# anybody in the leesburg Florida area??? you want to cut my lawn?



## guest (Sep 16, 2003)

hi we got a lot of land last year in leesburg florida... 

its on an association.. which at the time seemed like a great idea... 

that was before i got the 500$ a year association fees.. and before i got the threatening fax saying 'You'd better cut your lawn.. or we will cut it and charge you for it.. if you dont pay it.. we will put a lein on your lot' 
needless to say.. i am looking to get the damned thing cut... like once a month or twice montlhy in the summer... 
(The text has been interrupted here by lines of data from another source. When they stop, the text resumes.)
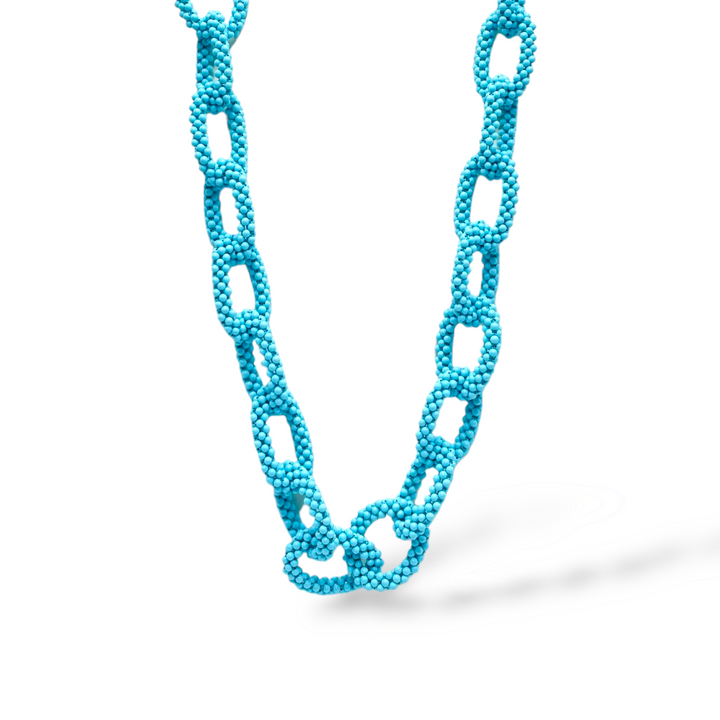 Turquoise paste chain necklace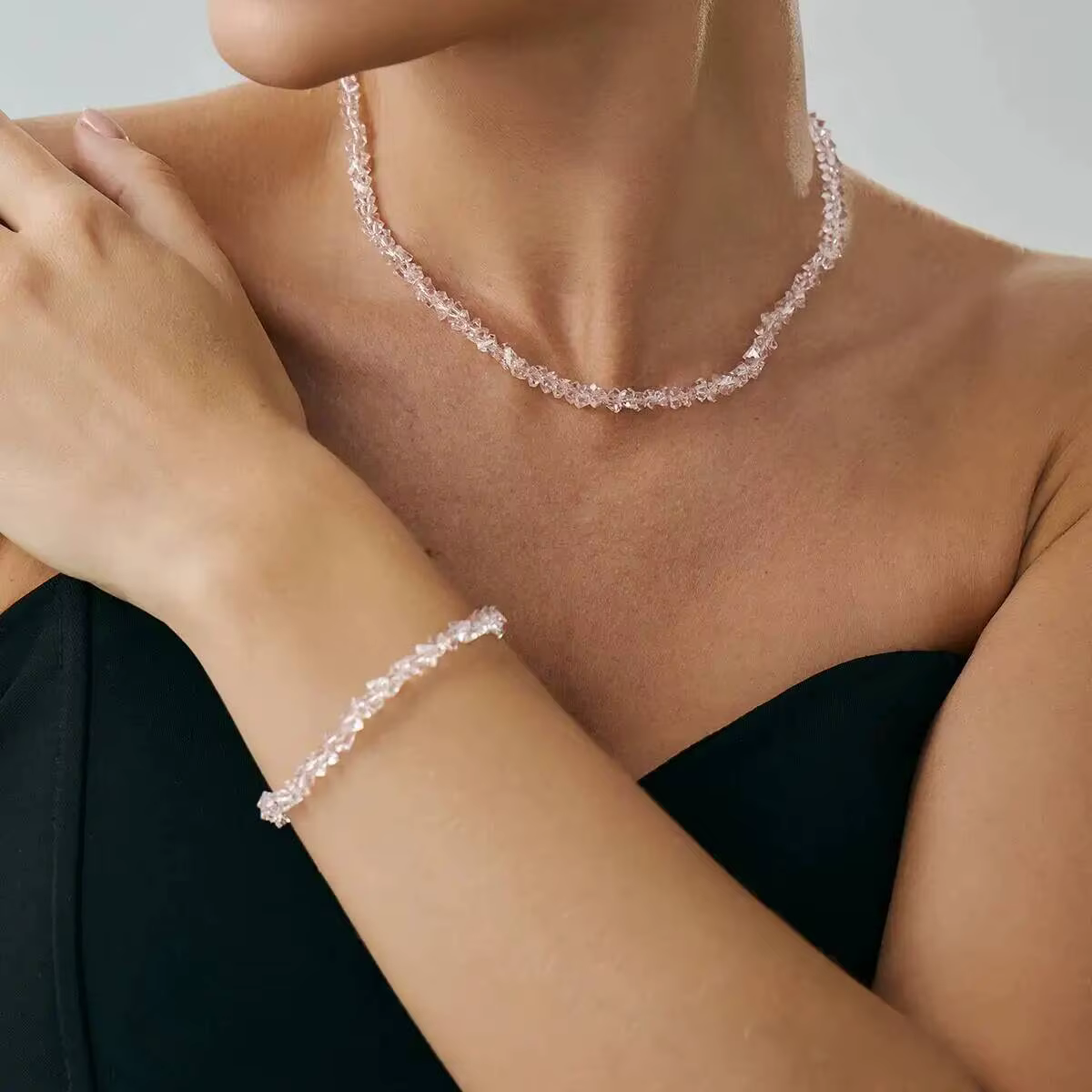 SHIXIN élégant cristal perle chaîne courte collier ras du cou bracelet ensemble de bijoux pour les f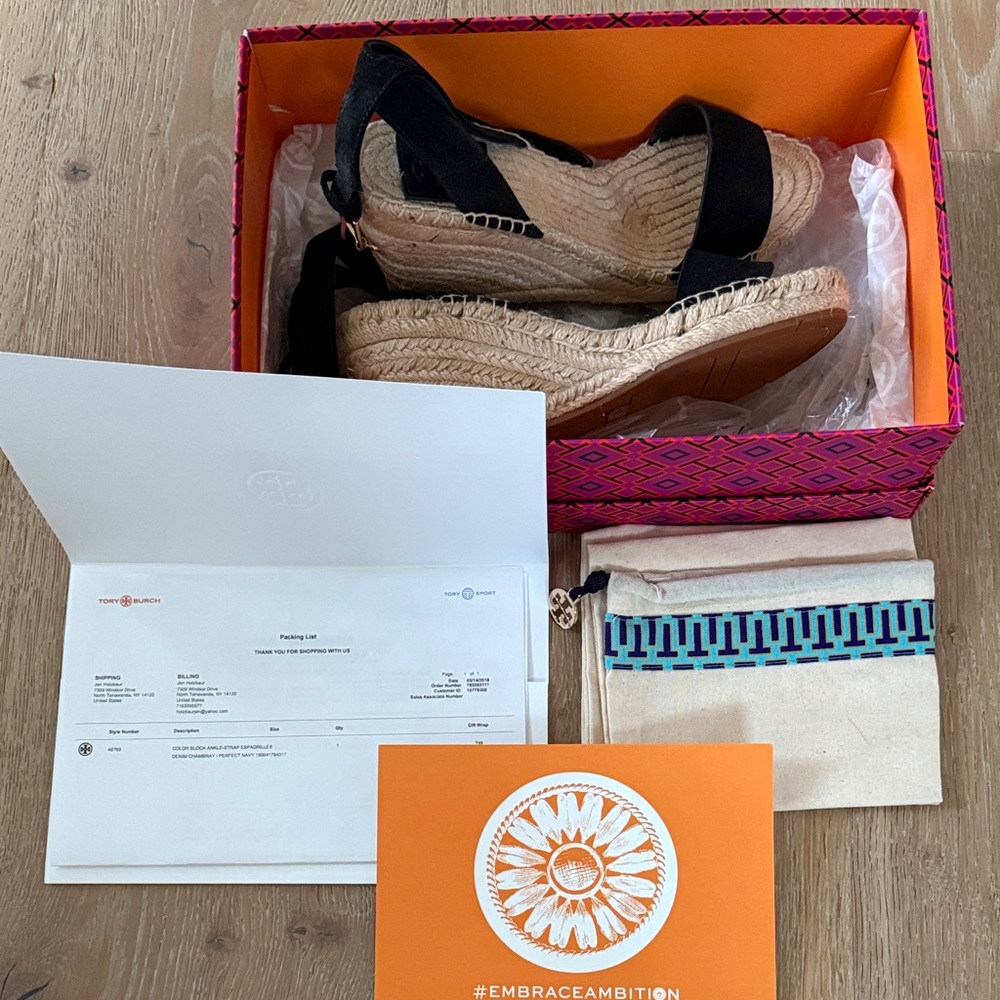 Tory Burch Black and Tan Espadrille Sandals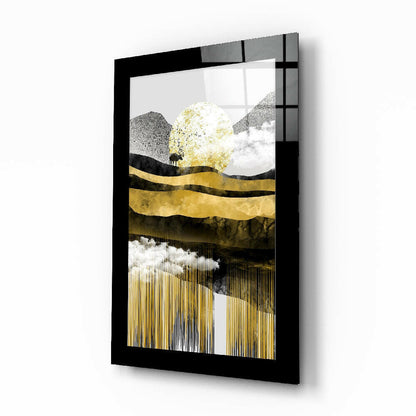 Golden Valley glass wall art illustrative mountain landscape print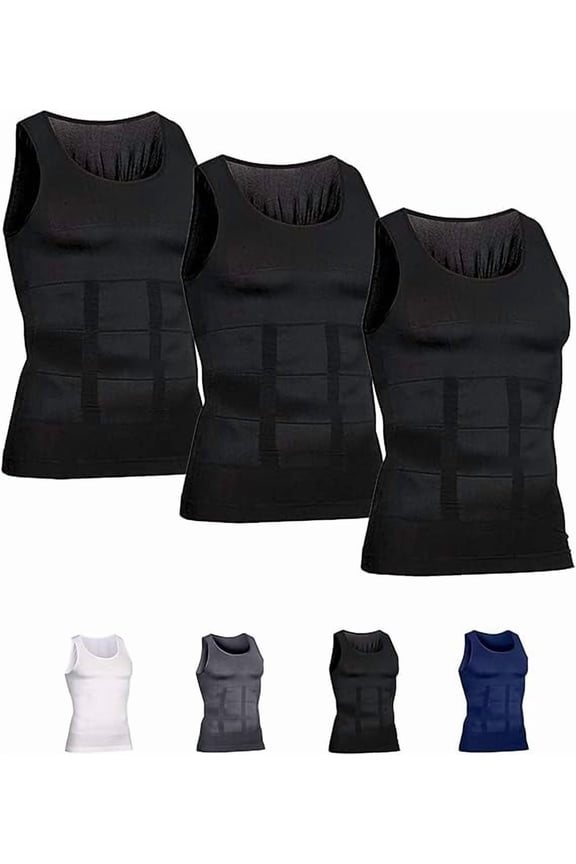 Mens Slimming Body Shaper Vest Compression Tank Tops Shirts Workout Abs Abdomen Undershirts 3pcs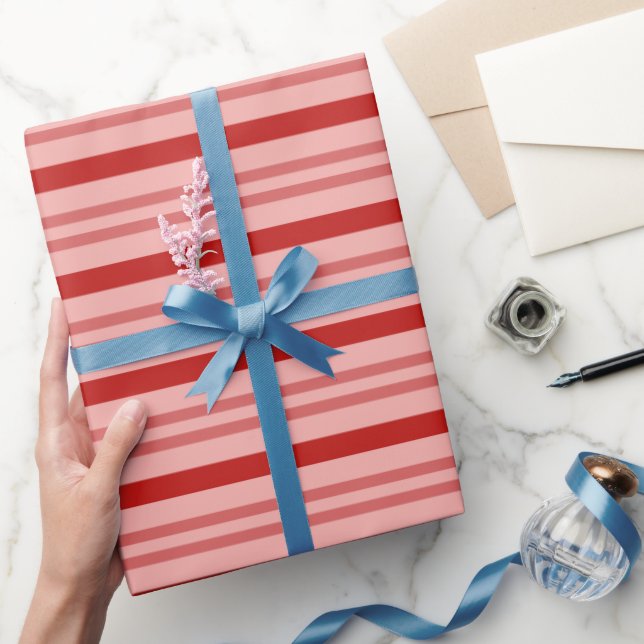 Elegant Horizontal Red and Pink Candy Cane Stripes Wrapping Paper (Gifting)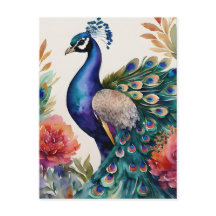 Arte de acuarela floral de pavo real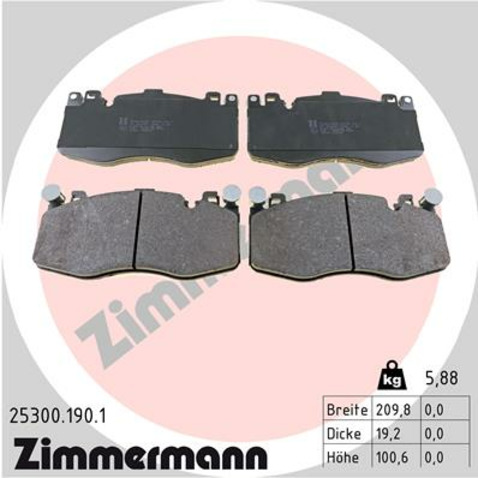 Klocki hamulcowe - komplet ZIMMERMANN 25300.190.1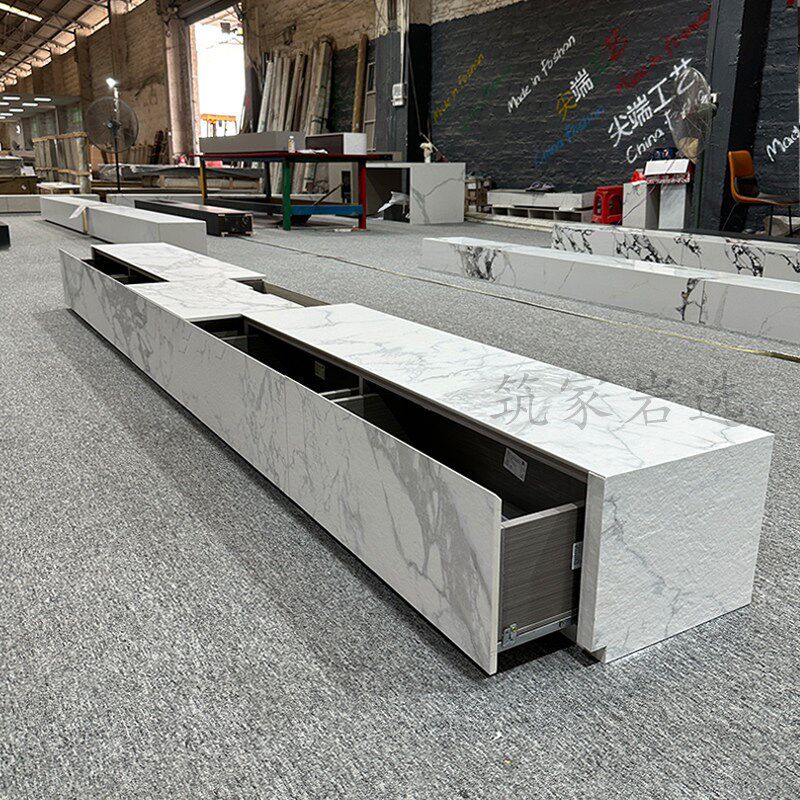 2025新款客厅落地隐藏插座创意50cm高45轻法式中间抽拉岩板电视柜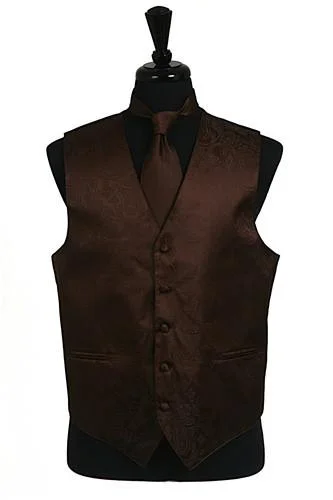 leather vests for men -Men's Brown Paisley Vest with Neck Tie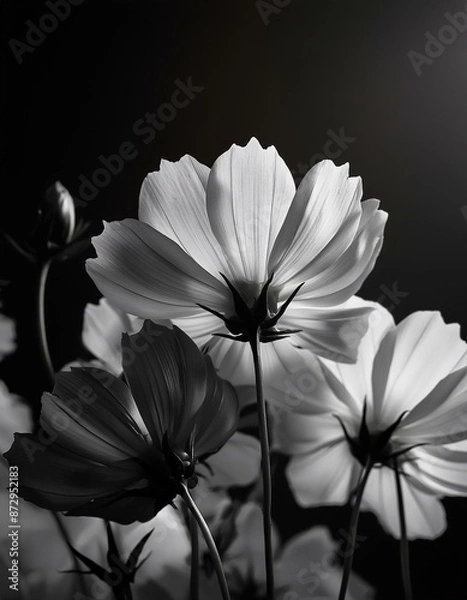 Obraz Background with contrasting black and white flowers in a minimalist style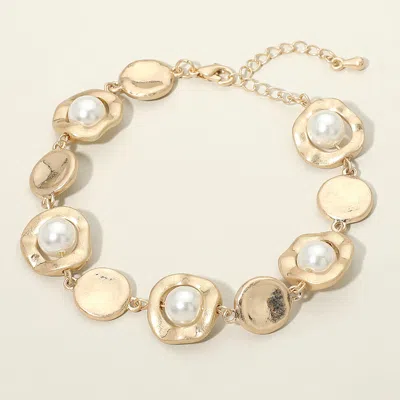 Fashnzfab Pearl Accent Disc Link Bracelet In Silver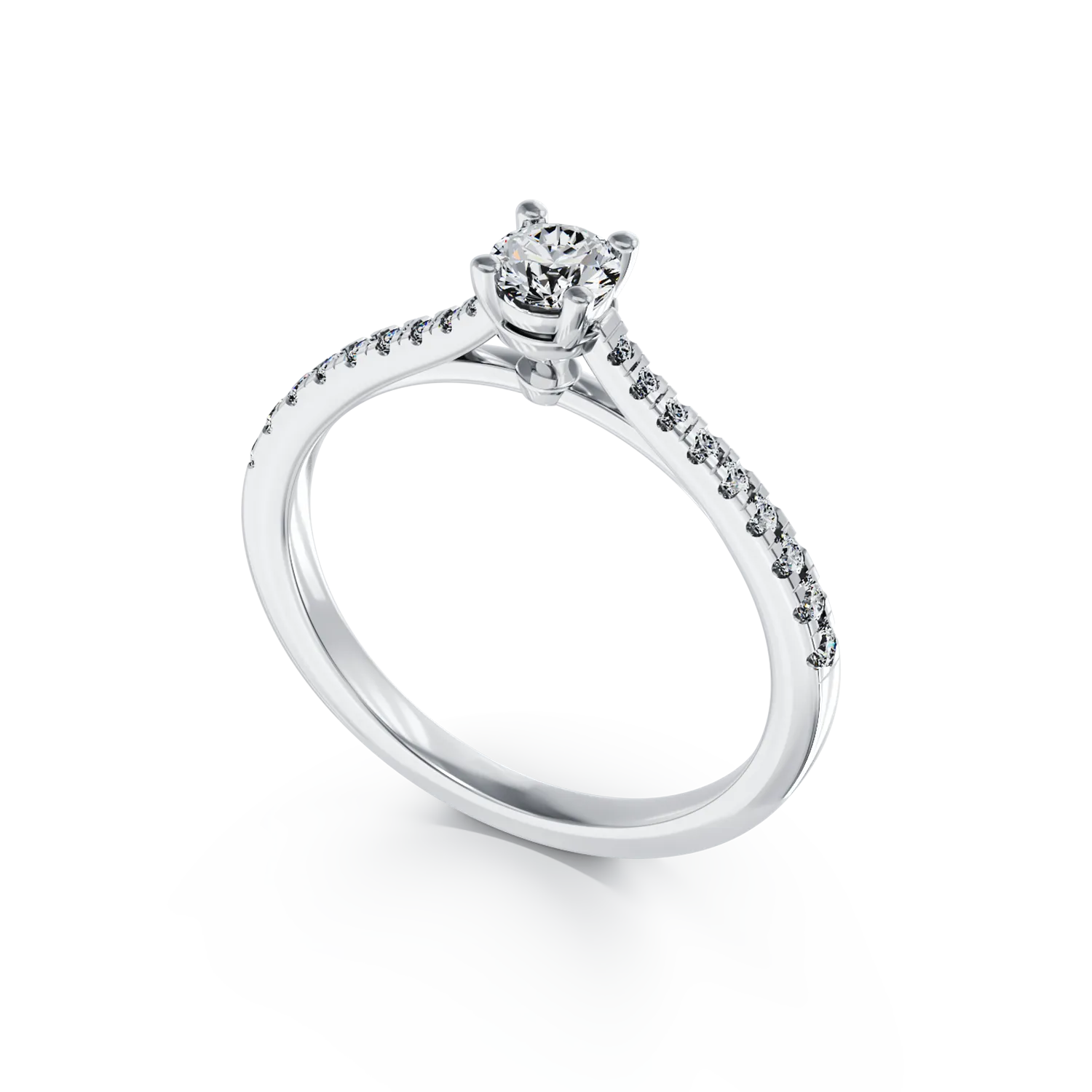 18K бял златен годежен пръстен с диамант от 0.24ct и диаманти от 0.19ct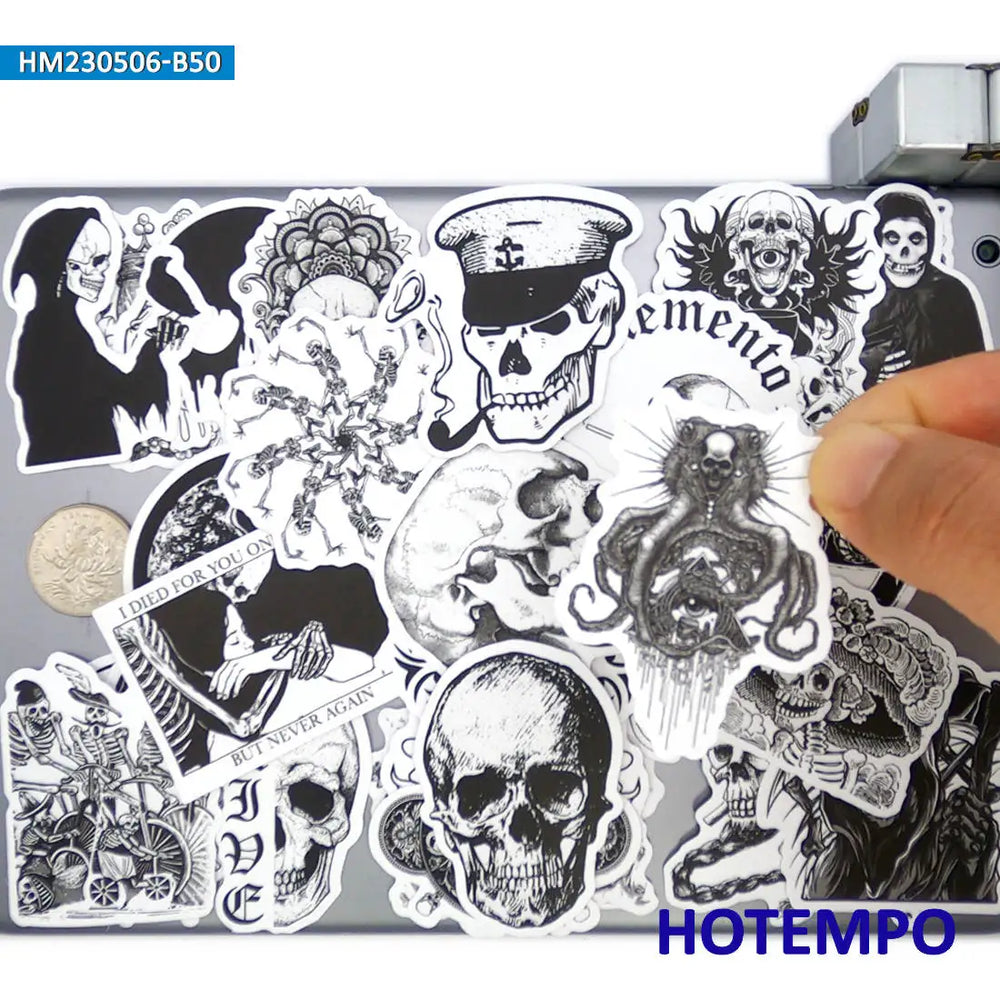 20/30/50Pieces Skeleton Style Decals Funny Demon Ghost Retro Skull Stickers for Motorcycle Car Bike Luggage Phone Laptop Sticker (Online Order Only)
oh yeah.. the association president happens to live across the way from me and now wants me to clear the brush growing into the canal... he estimates 700-800$ to do that... i wont do that but still need to get the lawn cut.. 


anybody down that way? want to make a few extra bucks???


----------



## Archdean (Jul 15, 2004)

> _Originally posted by simple_john _
> *hi we got a lot of land last year in leesburg florida...
> 
> its on an association.. which at the time seemed like a great idea...
> ...


Call ErnieG,
It's in his back yard , and looks like a job for a Massy Harris


----------



## Rodster (Sep 26, 2003)

Thats a bummer. You need to make a friend with one of the neighbors and pay them to take care of the grass.
Rodster


----------



## jodyand (Sep 16, 2003)

sj have you tried Lawnsite I'm sure you can find someone there.


----------



## Live Oak (Dec 22, 2003)

I would suggest Lawncafe.com or Lawnforum.com . The guy who runs Lawnsite runs things like Spike does. I wouldn't want to give him any business. Plus the fact that he quoted me from a post on his website and had it published in Turf Magazine without my permission or so much as a "oh by the way" .


----------



## Archdean (Jul 15, 2004)

> _Originally posted by Keweenaw4310 _
> *For $500.00 / year I'd agree to blow all the snow you get there over 5 inches for the entire year. *


In this society you can find thousands to blow all the snow you can get for nothing!


----------



## jodyand (Sep 16, 2003)

sj did you find anybody to cut your lot:question:


----------



## guest (Sep 16, 2003)

no response from lawn cafe... lawnforum.com seemed to be down.. the domain is for sale..

lawnsite.com got me one prespective guy.. he's gonna check it out this week and get back to me..


----------



## guest (Sep 16, 2003)

just to close this out... i found a guy from the area who will cut my lawn for 20$ a wack.. much better deal than the original person.. he charged 35$....


thanks for the info..
sj


----------